A new Google transparency report shows that the US leads the world in government requests for information on citizens' online activity. Google's responses -- and the legislation underlying these requests -- have a huge impact on digital safety and privacy.
Google released a special transparency report this week, showing that the US government sent the search giant 5,950 requests for data about Google users and services between January 1 and June 30, 2011. That’s a 29 percent increase over the previous six months.
The requests, which were made in connection with criminal investigations, covered a total of 11,057 unique accounts. Google says it complied wholly or partially with 93 percent of the requests.
Google is the only company that publicly releases this sort of specific information about its relationship with governments (the report covers other countries as well, not just the US). It’s part of the company’s strategy to spotlight the issue of government access to citizens’ online information. Google is part of the “Due Process Coalition,” along with AOL, AT&T, Microsoft, and Facebook.
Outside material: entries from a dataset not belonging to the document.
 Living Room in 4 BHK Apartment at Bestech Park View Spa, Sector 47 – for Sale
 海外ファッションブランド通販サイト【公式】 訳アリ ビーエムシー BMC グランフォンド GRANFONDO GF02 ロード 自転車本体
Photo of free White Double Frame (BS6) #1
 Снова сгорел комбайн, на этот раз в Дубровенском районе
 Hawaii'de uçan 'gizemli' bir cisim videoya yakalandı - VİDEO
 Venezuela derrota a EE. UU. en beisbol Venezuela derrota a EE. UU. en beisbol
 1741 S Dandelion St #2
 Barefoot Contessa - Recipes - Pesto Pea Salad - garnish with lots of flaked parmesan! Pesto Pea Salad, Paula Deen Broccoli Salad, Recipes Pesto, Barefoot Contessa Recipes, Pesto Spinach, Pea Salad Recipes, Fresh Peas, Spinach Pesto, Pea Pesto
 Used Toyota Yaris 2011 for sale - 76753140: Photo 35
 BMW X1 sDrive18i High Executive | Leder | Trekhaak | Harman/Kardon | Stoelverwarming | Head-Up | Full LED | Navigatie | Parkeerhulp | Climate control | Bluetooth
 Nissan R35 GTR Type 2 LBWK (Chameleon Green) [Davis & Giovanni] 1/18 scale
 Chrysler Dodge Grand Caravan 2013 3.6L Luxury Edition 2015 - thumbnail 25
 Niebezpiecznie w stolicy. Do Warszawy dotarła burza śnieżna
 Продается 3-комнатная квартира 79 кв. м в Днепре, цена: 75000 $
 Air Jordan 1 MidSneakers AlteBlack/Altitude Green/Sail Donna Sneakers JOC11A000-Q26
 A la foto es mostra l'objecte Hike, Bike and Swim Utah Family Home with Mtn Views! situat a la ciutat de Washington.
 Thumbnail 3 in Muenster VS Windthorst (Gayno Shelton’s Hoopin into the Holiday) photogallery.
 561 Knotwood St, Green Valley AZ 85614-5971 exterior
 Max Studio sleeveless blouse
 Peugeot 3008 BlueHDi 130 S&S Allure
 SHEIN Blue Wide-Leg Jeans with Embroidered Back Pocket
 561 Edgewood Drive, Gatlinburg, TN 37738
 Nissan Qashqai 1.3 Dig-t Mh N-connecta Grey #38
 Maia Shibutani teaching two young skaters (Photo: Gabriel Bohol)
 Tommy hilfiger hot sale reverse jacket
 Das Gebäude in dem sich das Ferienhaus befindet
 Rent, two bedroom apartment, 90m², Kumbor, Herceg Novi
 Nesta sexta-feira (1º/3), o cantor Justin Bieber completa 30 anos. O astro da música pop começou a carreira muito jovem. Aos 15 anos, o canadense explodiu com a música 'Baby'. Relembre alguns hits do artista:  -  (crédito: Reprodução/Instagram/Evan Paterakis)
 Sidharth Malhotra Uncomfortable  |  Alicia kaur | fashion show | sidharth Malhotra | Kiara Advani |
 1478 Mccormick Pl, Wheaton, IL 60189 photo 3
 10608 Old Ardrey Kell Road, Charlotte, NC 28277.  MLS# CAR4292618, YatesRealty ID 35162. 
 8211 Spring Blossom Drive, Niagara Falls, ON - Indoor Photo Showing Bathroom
The group pushes for reform to the Electronic Communications Privacy Act, a 1986 law that allows government investigators to review users’ online information (including e-mail and other stored data) without a warrant.
The report also catalogues requests for Google to take down certain information. In the US, Google says, it received 92 requests for data removal, covering 757 pieces of content, including YouTube videos and content posted in Google Groups. The company says it complied (at least partially) with 63 percent of these requests, but left information alone in cases where it didn’t appear to violate Google’s Terms of Service or local laws.